Você foi o pior que eu já fiz comigo mesma, e

mesmo assim, eu não consigo parar de te amar.

X

Karen segurou o copo de café de isopor entre os seus dedos magros enquanto caminhava pelas ruas esburacadas de Nova York, tentando desviar da quantidade perigosa de turistas que atingiram Hell’s Kitchen por nenhuma outra razão além da onda de assassinatos que havia acontecido nos últimos meses na cidade. Os saltos altos de seus calçados clicavam no chão ao mesmo ritmo que seus passos rápidos, que tentavam em vão correr contra o relógio. Ela estava atrasada para o trabalho.

A mulher loira percebeu que desde que sua vida tinha virado um inferno entre caçar homens que faziam justiça com as próprias mãos, seus ciclos de sono e horários tinham virado uma sequência de horas descompostas pelo dia, como se as vinte e quatro horas normais não existe-se em sua realidade, ou naquele universo.

Karen passou o cabelo pela orelha, sentindo os fios oleosos sobre a mão que estava com os dedos dormentes de tanto segurar o café no copo de qualidade duvidosa. Fazia tempo desde que ela tinha lavados os fios. A vitrine da loja reluziu sobre o sol nascendo no horizonte, e as duas peças brilharam em direção a ela.

Era quase uma ofensa para o coração de Karen que duas coisas assim estivessem juntas em um par de correntes como se fosse uma bijuteria qualquer. Seu coração se sentiu ofendido em encontrar nos seus desejos a vontade de entrar na loja e comprar pela bagatela mais alta que tivesse o desenho de crânio prateado e as dogtags do exército, como se gritasse o nome dele para ela.

Ela era uma mulher crescida, que tinha colocado seus olhos em coisas horríveis, e em mais sangue do que diversas gerações da família dela já viram juntas, e mesmo assim todos os seus órgãos se sentiram ofendidos e quebrados e retorcidos por terem visto um par incomum que lembrava tanto a Frank.

Seus pés deram a volta, o copo de café tinha ido para o lixo público quase cheio, e seus cabelos batendo no seu rosto com o vento que correu diretamente em sua direção.

Olá, eu quero aquele par que está na vitrine.” Ela disse com a voz correndo assim que chegou até a atendente de cabelos curtos vermelhos, e óculos de grau pesados. A moça mais jovem que Karen olhou para a vitrine de onde estava, e cruzou os olhos com os delas, fazendo a pergunta mental de o porque uma mulher de cabelos loiros, saia lápis e camisa social se interessaria por um par de objetos tão grosseiros. “O crânio e a dogtag, por favor.” E ela sacudiu uma quantidade razoável de dinheiro.

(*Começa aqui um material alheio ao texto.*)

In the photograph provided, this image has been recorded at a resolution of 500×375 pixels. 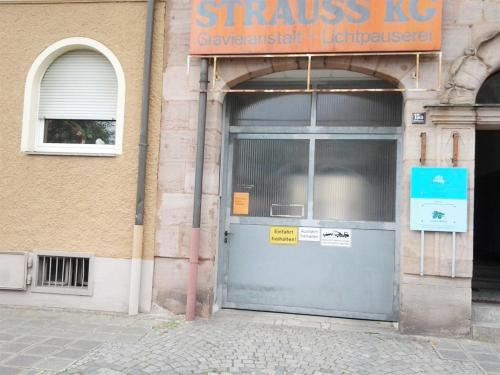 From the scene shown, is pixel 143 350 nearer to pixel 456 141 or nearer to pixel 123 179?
pixel 123 179

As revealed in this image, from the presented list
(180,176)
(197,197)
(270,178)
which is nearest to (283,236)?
(270,178)

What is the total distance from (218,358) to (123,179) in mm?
2701

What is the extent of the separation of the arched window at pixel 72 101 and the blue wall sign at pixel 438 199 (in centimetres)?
390

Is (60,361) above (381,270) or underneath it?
underneath

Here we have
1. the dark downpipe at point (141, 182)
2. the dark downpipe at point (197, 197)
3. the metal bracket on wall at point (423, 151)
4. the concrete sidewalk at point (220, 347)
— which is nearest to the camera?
the concrete sidewalk at point (220, 347)

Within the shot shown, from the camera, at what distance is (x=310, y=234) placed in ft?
19.7

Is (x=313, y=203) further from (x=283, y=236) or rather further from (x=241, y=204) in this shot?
(x=241, y=204)

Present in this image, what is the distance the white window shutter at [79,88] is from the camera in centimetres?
609

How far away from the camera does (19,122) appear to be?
609 cm

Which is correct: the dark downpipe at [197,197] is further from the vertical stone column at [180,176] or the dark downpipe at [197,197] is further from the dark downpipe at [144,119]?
the dark downpipe at [144,119]

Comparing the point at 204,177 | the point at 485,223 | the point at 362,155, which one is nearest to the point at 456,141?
the point at 362,155

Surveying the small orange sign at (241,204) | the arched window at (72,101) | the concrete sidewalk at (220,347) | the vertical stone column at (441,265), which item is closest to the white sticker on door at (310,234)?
the small orange sign at (241,204)

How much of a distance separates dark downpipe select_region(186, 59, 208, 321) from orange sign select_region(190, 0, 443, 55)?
44cm

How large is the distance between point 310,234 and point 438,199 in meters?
1.69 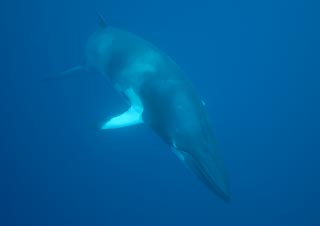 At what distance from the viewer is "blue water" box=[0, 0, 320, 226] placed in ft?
51.5

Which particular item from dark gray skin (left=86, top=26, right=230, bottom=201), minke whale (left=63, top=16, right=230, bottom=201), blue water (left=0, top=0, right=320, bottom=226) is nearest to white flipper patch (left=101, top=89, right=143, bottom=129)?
minke whale (left=63, top=16, right=230, bottom=201)

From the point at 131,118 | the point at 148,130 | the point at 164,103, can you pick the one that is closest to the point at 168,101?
the point at 164,103

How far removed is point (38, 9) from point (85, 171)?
7999 millimetres

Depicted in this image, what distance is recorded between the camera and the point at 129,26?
61.7ft

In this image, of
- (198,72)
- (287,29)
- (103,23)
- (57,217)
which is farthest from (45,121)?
(287,29)

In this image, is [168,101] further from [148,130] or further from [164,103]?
[148,130]

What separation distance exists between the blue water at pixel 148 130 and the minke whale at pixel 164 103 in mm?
7326

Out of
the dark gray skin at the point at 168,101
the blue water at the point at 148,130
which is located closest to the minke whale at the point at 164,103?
the dark gray skin at the point at 168,101

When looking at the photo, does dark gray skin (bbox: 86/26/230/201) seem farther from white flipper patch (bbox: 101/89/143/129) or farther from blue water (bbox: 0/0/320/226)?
blue water (bbox: 0/0/320/226)

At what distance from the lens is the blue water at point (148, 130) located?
1571 cm

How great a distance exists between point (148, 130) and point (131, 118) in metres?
8.27

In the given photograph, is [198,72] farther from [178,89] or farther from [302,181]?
[178,89]

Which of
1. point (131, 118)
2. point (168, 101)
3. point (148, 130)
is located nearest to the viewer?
point (168, 101)

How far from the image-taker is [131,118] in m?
6.77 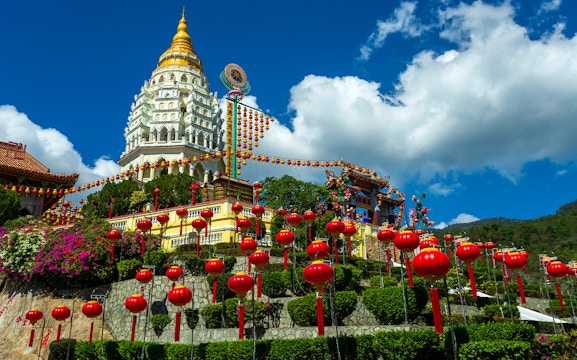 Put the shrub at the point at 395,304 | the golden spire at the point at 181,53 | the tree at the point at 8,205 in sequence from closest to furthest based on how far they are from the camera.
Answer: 1. the shrub at the point at 395,304
2. the tree at the point at 8,205
3. the golden spire at the point at 181,53

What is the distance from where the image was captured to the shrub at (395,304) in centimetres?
1392

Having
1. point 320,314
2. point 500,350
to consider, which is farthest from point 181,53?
point 500,350

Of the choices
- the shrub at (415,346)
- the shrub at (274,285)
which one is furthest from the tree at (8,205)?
the shrub at (415,346)

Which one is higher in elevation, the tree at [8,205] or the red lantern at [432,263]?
the tree at [8,205]

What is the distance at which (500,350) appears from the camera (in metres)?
9.67

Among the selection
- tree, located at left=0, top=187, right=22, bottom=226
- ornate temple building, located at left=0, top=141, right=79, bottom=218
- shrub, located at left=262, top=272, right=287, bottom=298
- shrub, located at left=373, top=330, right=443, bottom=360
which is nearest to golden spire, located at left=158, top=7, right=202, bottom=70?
ornate temple building, located at left=0, top=141, right=79, bottom=218

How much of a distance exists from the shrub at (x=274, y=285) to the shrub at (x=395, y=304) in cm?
405

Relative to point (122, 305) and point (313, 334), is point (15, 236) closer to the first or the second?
point (122, 305)

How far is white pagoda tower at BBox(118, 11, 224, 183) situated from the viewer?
50.8 meters

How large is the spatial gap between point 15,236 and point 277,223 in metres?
13.2

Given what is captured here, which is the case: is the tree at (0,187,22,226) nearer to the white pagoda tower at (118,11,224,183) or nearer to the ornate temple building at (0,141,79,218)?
the ornate temple building at (0,141,79,218)

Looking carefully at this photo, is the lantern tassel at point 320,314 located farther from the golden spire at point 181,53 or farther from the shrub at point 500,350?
the golden spire at point 181,53

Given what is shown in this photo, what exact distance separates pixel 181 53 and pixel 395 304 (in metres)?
50.8

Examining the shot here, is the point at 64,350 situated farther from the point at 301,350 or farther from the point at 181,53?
the point at 181,53
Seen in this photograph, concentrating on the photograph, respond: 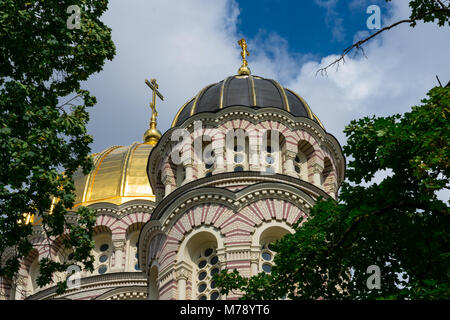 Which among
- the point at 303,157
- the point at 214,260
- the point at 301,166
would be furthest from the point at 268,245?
the point at 303,157

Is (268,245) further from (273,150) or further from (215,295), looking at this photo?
(273,150)

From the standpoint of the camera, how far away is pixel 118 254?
34.0 metres

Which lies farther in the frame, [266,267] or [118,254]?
[118,254]

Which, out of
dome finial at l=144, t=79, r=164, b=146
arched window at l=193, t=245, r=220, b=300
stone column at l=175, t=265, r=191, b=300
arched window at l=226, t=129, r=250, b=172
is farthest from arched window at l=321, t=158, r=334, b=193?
dome finial at l=144, t=79, r=164, b=146

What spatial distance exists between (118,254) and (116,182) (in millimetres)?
4015

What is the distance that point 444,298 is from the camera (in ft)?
34.8

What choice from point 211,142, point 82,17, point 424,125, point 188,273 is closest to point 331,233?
point 424,125

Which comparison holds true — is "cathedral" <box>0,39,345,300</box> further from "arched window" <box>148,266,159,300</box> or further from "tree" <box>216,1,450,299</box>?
"tree" <box>216,1,450,299</box>

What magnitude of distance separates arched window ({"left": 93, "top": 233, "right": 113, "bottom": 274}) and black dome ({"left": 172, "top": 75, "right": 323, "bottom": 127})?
9.51 m

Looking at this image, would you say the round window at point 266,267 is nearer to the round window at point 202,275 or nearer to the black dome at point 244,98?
the round window at point 202,275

Sem cartões, Kare, mantenha-se sem rastros. Ela escutou a voz de Frank em sua cabeça, como se ele estivesse bem ali do seu lado, despejando conselhos de guerra para mais um soldado que estava treinando.

O metal da corrente tocou nas mãos dela quando a moça veio lhe entregar a junção das peças. Karen sentiu o peso das dogtags e o brilho do desenho plano de crânio, como se fosse a própria pintura da roupa de Frank. Ela envolveu os dedos finos no fecho, e passou pela sua cabeça, fechando-os atrás.

A corrente menor ficou quase como uma gargantilha em sua garganta, sendo coberta pela camisa azul clara, deixando o desenho sem rastro algum por suas roupas. Mas a corrente maior, reproduzindo fielmente as identificações do exército ficou saltada sobre os seus seios, quase como se fosse uma ofensa aquela coisa presta, e de hastes negras ao redor da prateada estava ali, pendurada entre as suas roupas bonitas e sociais.

Ficou bonito em você.” A vendedora lhe diz, mas é o som da voz de Frank que Karen escuta.

X

Frank não existe mais.

Sobre a pele, os órgãos e um coração bombeando sangue e raiva, existe apenas Justiceiro e sua sede de vingança implacável que se alimenta cada vez mais de taças e taças de ódio e autopiedade.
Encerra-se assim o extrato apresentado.